DD: I will say, the night before we left for this American tour, my hard drive overheated and melted on my laptop.  So I’ve had to reconstruct everything on my second laptop while on this tour.  I don’t have anything that we were using for the European tour, aside from the Digital Performer sequences.  I lost about 50% of the content, so we’re in a sort of crisis turn around mode, but we’re trying to find inspiration in that, rather than just despair, because we have no choice.  So I’ve been programming like a motherfucker whenever I have a free moment, because, well, the show must go on!

So you have to rebuild all the patches there?

DD: Yeah, I lost all the Max patches on that computer, and I lost all the Ableton Live stuff that I use for the transitions in our set.  I didn’t lose the core, but I lost everything that Supreme Balloon was originally written with – it’s all gone.  That’s the thing that people forget.  They start to think that ‘digital’ and ‘immaterial’ are synonymous.  And services like web mail encourage you to feel like there isn’t any place where your content lives, but, in my case, I learned the hard way that there sure is.

MS: I hope all those people who buy all their music on iTunes understand that they won’t be listening to their music in ten years.

That it’s not going to move with them?

DD: That things die.

MS: Really, do people really back up their whole music libraries assiduously?  Do they really think they’re going to have the laptop in ten years?  And they’re really going to move all their music files over, and none of their hard drives are ever going to crash before they do that?

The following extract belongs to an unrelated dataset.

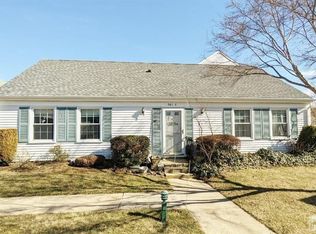 561C Tilton Way, Monroe, NJ 08831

See, here comes Albini again.

MS: Yeah, it’s just true!  I still have records that I had when I was eighteen, you know – I’m forty three now.  Do you really believe that that file on your computer, when you’re eighteen, that you’re still going to have when you’re forty three?  It’s not going to happen people – buy CDs!

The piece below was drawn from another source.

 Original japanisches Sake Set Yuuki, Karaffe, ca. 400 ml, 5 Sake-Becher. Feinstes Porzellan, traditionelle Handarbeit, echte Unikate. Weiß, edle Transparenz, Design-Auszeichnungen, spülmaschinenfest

Wobbly: Yeah, those last twenty years!

DD: There is disc-rot from the first generations of CDs.

Perfect Sound Forever, right? One last question – you recently moved to Baltimore from San Francisco.  What are you observations there?  Do you think you ever really became attached to the music scene in San Francisco?  Do you think there are things that are better or worse about what’s going on in Baltimore right now?

MS: We had a bunch of friends in San Francisco, but aside from the people seated at these tables – Wobbly and Jay Lesser – I don’t know if we really were part of a musical community so much.

DD: I think journalism tends to exacerbate or exaggerate loose clumps of names as if everyone is getting together at this banquet table on a weekly basis.

MS: Which isn’t to say that those people were not our friends, but I don’t know if we influenced each other very much.  We’re buddies with Kid 606, but, did what we do make any difference to him, or vice versa?  Not much, honestly, though I like his work and I like him.  Baltimore is a much tougher kid; I feel more threatened by Baltimore than I ever did by San Francisco.

So, is it anything like The Wire?

DD: We wouldn’t know, we haven’t been in those environments to say.

MS: Well I’m not a cop, a judge, a dock worker, or a junkie [laughs], so I don’t come close to much of the stuff that goes on in The Wire.  But I know about the improvised music scene in Baltimore, which they don’t cover in The Wire.  It’s unfortunate, because it would be fucking hilarious!

DD: It’s hard to do a move and not get into a game of comparison, and, really, it’s not a competition.  It’s not like one has to be the winner, between San Francisco and Baltimore.  There’s such complete different contexts, especially economically, that it would be silly to hold one up against the other.

MS: San Francisco is a rich, thriving city.  Baltimore is none of those things.

DD: It’s poor, it’s struggling, and it has a very different kind of emotional presence than San Francisco.  I really have loved Baltimore so far, and I wasn’t sure that I would, but I really like it a lot.  I miss people in San Francisco, but I haven’t regretted what we’ve done, I haven’t looked back.

MS: I miss burritos, and good Chinese food.